By Guy Newey Tuesday 02 June 2015

OVO Energy’s response to “Impact of measures introduced as part of the Retail Market Review and the Secure and Promote licence condition – voluntary call for evidence”

Domestic Retail Market Review

1. Do you consider that the domestic requirements rules have affected the level of innovation and / or the ability of domestic suppliers to differentiate in terms of:

a. The type of tariffs that they are able to offer?

RMR has had a chilling effect on innovation in the energy supply market. In particular, it has limited what tariffs we can offer. It has also restricted OVO’s ability to target underserved segments of the market, including prepayment customers. It has also hampered our progress in developing a community energy offer.

OVO set up a community energy offering a year ago in which OVO partners with local authorities and community groups to offer bespoke supply services. Under RMR rules, we have had to make lengthy and time consuming derogations which have added cost and uncertainty for both us and our prospective partners. For example, in order to offer tariffs to each of our three OVO Communities partners to date (Cheshire East, Peterborough and Southend) we have had to apply for individual derogations. Whilst we have welcomed the faster speed at which Ofgem has accepted these later derogations, and the fact that they have publicly encouraged suppliers to apply for derogations for vulnerable customers, the first application took more than 90 days to get a decision on.

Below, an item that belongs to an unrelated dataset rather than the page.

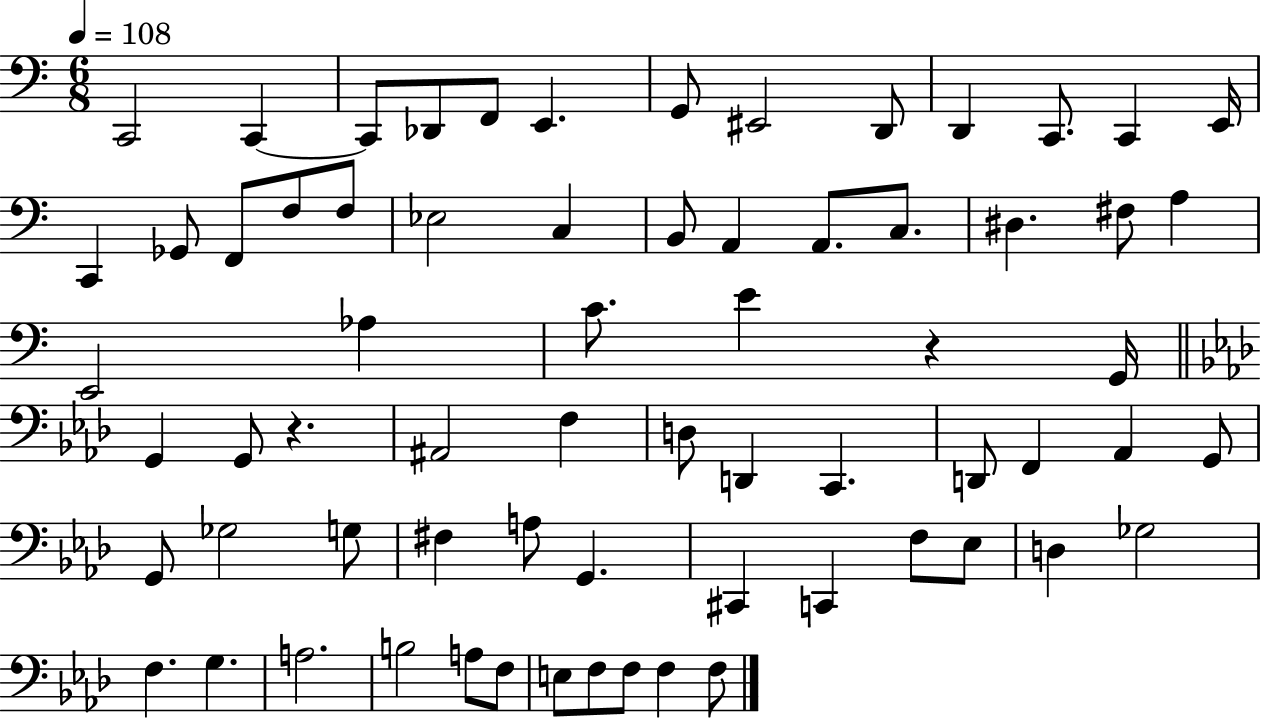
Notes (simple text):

C2/h C2/q C2/e Db2/e F2/e E2/q. G2/e EIS2/h D2/e D2/q C2/e. C2/q E2/s C2/q Gb2/e F2/e F3/e F3/e Eb3/h C3/q B2/e A2/q A2/e. C3/e. D#3/q. F#3/e A3/q E2/h Ab3/q C4/e. E4/q R/q G2/s G2/q G2/e R/q. A#2/h F3/q D3/e D2/q C2/q. D2/e F2/q Ab2/q G2/e G2/e Gb3/h G3/e F#3/q A3/e G2/q. C#2/q C2/q F3/e Eb3/e D3/q Gb3/h F3/q. G3/q. A3/h. B3/h A3/e F3/e E3/e F3/e F3/e F3/q F3/e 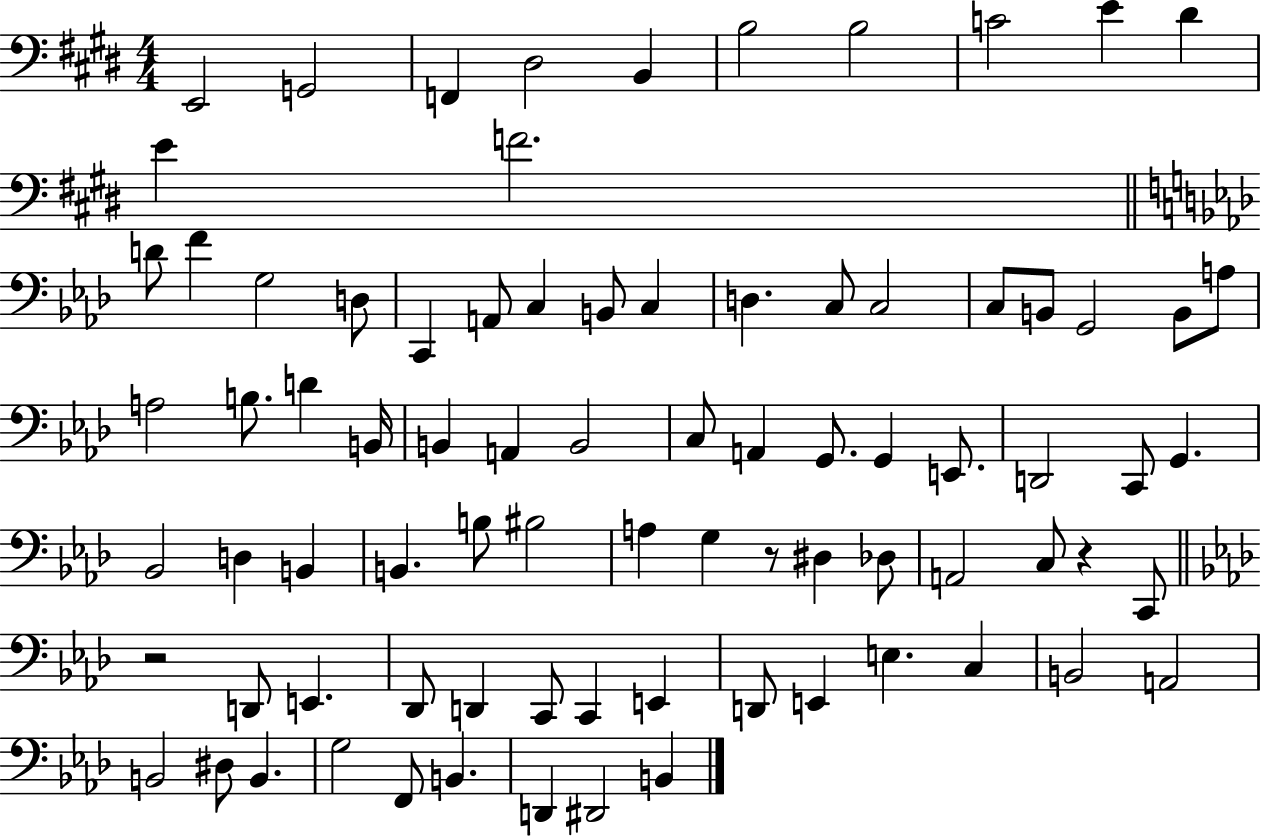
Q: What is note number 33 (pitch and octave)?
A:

New white label rules will thankfully remove this burden, although it remains unclear why the four tariff rule should remain when white labels will be able to flourish unimpeded.

OVO launched its prepay offer a year ago, and has now introduced a smart prepay offer. However, we currently only offer one variable tariff to prepay customers (we previously offered a fixed deal). We only have one tariff because of restrictive rules around RMR. Because any prepay tariff has to be linked at a fixed discount to any of our four core tariffs, we cannot innovate. In our opinion, the prepay market is entirely separate to the credit market. The changing technology makes this even more significant, as the cost to serve is changing due to smart meters (and likely reducing). We would therefore like to be able to adjust our prepay tariff more regularly, or at least at a different frequency, when compared to our credit tariffs. However, under RMR rules, this is not possible. In short, we would be offering two, possibly three or four tariffs to prepayment customers, but RMR restrictions have limited us to one. As Ofgem has noted in the past, this is a part of the market that is woefully underserved.

As a result of the RMR tariff restrictions, we have seen other products withdrawn from the market that enabled suppliers to differentiate and offer more choice to consumers. These have included several green tariffs, zero standing charge tariffs and tariffs designed specifically for elderly customers. It is not clear if switching rates have been affected at all, and a very large percentage of customers remain on high standard variable tariffs, as the CMA investigation has noted.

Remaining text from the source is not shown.